Assignment:
Your job is to give again, exactly and with no additions, the lines in the records below from the one with "Vista 4 de Funda" through the one with "RH / TICKING STRIPE BORDER DRAPERY PANEL", both included. Omit the pictures.

Given records:
+ + + +

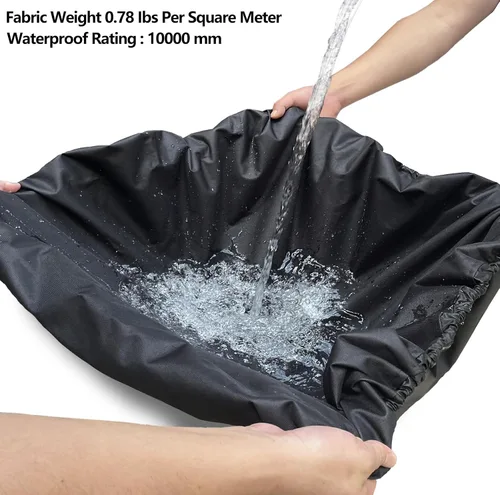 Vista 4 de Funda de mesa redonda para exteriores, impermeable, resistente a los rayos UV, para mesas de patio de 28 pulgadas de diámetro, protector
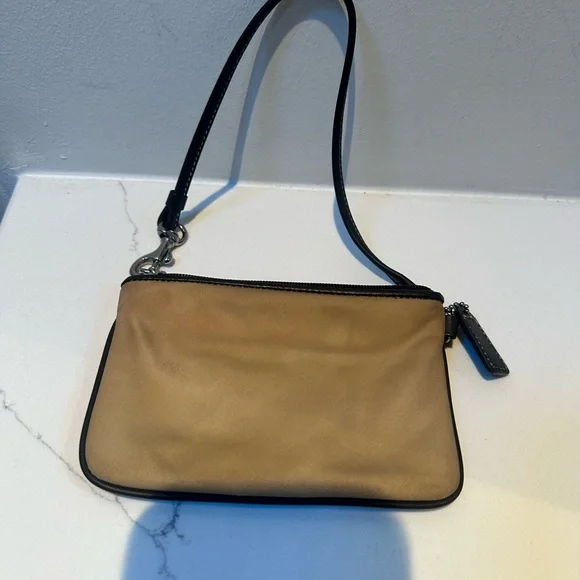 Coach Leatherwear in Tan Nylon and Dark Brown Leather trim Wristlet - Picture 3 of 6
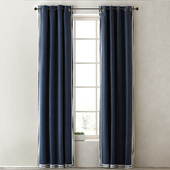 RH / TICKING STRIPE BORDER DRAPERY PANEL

+ + + +

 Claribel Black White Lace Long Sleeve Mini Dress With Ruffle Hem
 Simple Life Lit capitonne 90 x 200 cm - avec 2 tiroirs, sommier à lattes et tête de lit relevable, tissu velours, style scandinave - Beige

+ + + +

Written answer:
 Vista 4 de Funda de mesa redonda para exteriores, impermeable, resistente a los rayos UV, para mesas de patio de 28 pulgadas de diámetro, protector
 Coach Leatherwear in Tan Nylon and Dark Brown Leather trim Wristlet - Picture 3 of 6
 RH / TICKING STRIPE BORDER DRAPERY PANEL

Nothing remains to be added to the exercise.